The Medicare line is especially important in swing states with lots of seniors, like Florida. It’s one of the reasons why Democrats have been keen to help elevate Ryan to national prominence, against the wishes of key House Republicans. The starkness of Ryan’s ideology—the Ayn Rand-quoting doesn’t help—has opened him up to charges that he doesn’t care about anyone but the super-rich.

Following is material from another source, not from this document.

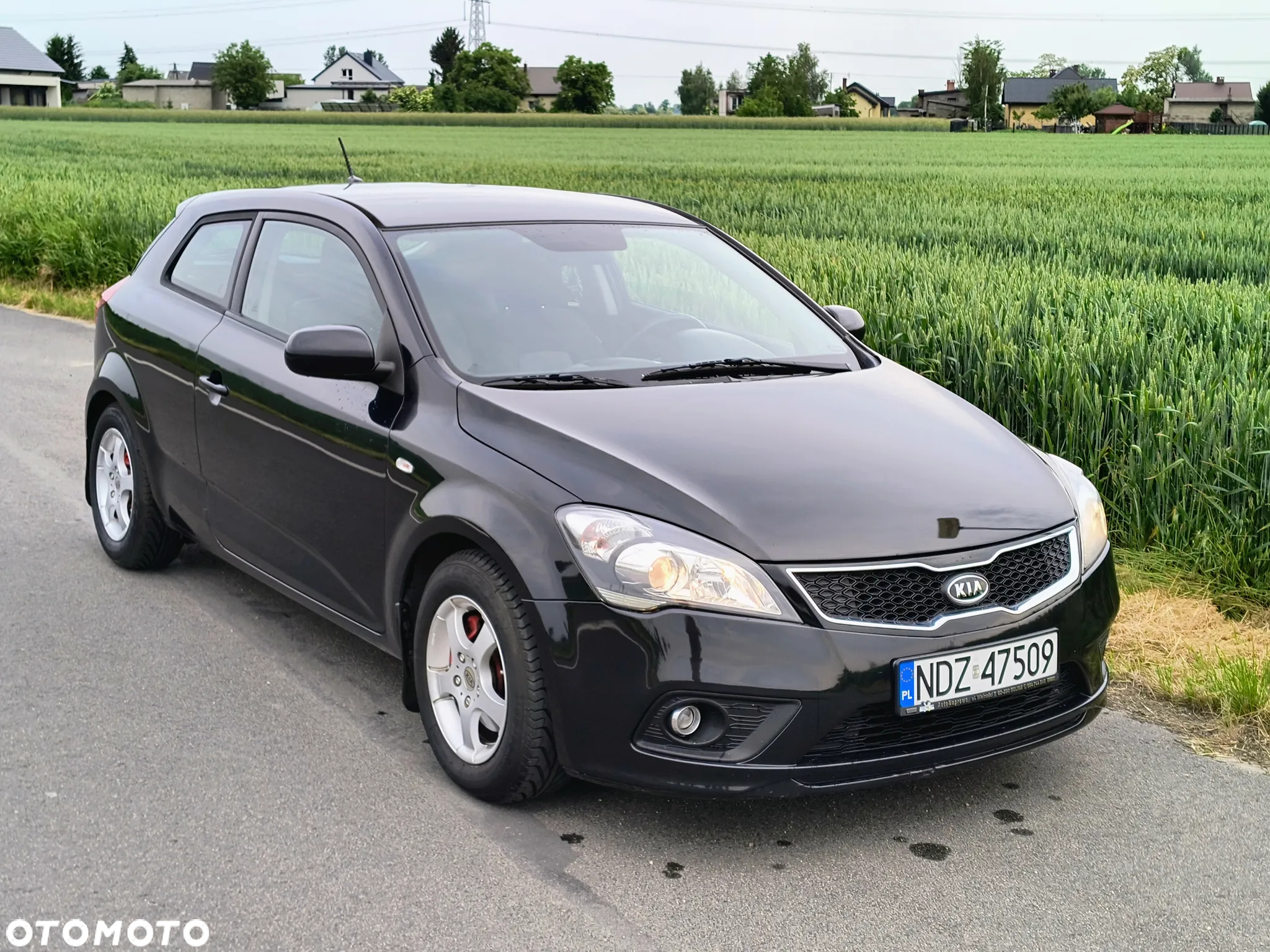 Kia ProCeed - 3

And Josh Eidelson, writing at Jacobin on the ongoing welfare brouhaha, smartly identifies the Obama campaign’s defuse-by-triangulation strategy:
In the hours after the Romney camp debuted an ad hitting Obama on welfare reform, liberal commentators made a few important points: The ad’s allegation – that Obama had gutted “welfare reform” – was false, and undeserving of “he said, she said.” Romney’s position – that state waivers betrayed the law – clashed with his prior stance as Governor. And Romney’s message appealed to the same resentments that infused and instigated the 90’s welfare debates.
What’s gone nearly unnoticed is the zeal with which the Obama campaign stoked the same resentments in its pushback. A campaign statement charged that Romney “petitioned the federal government for waivers that would have let people stay on welfare for an indefinite period, ending welfare reform as we know it, and even created a program that handed out free cars to welfare recipients.” Only Obama can protect us from a Republican regime of hand-outs and Oprah-style free cars for the undeserving poor.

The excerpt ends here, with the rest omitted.